Bu soruya kafa yoran Marx, Ekonomi Politiğin Eleştirisine Katkı’da, “zorluk, Yunan sanatının ve eposun belli bir toplumsal gelişme biçimine bağlı oluşunun anlaşılmasında değil, zorluk, bunların bize hala bir sanatsal haz verişinden, bir bakıma bir norm ve erişilmez bir örnek olmasından geliyor. (...) Yunan mitolojisinin yalnızca Yunan sanatının cephaneliği olmakla kalmayıp, o sanatı besleyen toprak görevini de yerine getirdiği bilinir.” Ama bugün bizler Homeros’u, Gılgameş’i ve onlar gibi daha kimi eseri okurken büyük bir haz duyuyoruz. Doğa güçlerinin insanlık tarafından egemenlik altına alındığı bir dönemde mitoloji neden etkiler bizi, gerçekten düşünülmesi gereken bir durumdur. Dağın zirvesinde oturan Zeus, onun haberlerini ulaştıran ayağı hızlı Hermes, insan kafalı, at vücutlu Hektorlar, denizler hâkimi Poseydon’un kabaran öfkesi, ölüler dünyasının karanlık bekçisi Hades ve daha birçok mitolojik kahraman neyi temsil eder bizim gerçekliği algılamamızda.

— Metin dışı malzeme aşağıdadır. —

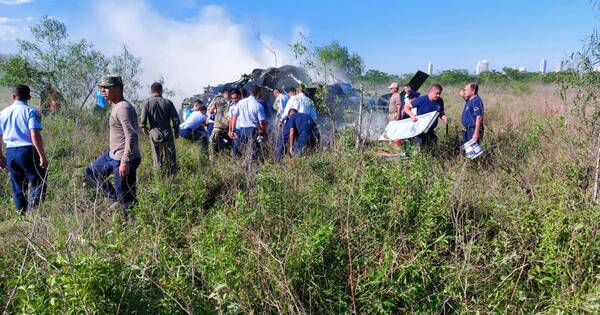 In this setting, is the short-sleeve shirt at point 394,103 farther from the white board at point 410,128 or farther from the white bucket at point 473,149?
the white bucket at point 473,149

Tüm bu soruları kendine soran Marx, “insanlığın tarihsel çocukluğu, insanlığın en güzel açılıp gelişmesine ulaştığı o zaman artık bir daha geri dönmeyecek olan o gelişme aşaması, niçin bizi sonsuzluğa kadar büyülemekte devam etmesin? Huysuz çocuklar vardır ve büyük adam tavırları takınan çocuklar vardır. Antik çağın birçok halkları, bu kategoriye girerler. Yunanlılar normal çocuklardı. Onların sanatının bizi büyülemesi, o sanatın içinde büyüdüğü toplumun ilkel niteliği ile çelişki teşkil etmez. Bu büyüleme, tersine, o toplumun ürünüdür. Ve o sanatın doğmuş olduğu ve ancak doğabileceği yeteri kadar olgunlaşmamış toplumsal koşulların hiçbir zaman geri gelemeyeceği gerçeğine bağlı bir büyülemedir.”

Bir sanat yapıtına ölmezliği bahşeden olgu, o yapıtta cisimleşen duygu ve düşüncelerin, kalıcı olması ve her dönem yeniden üretilmesi ve insan bilincinde yaşamaya devam etmesidir.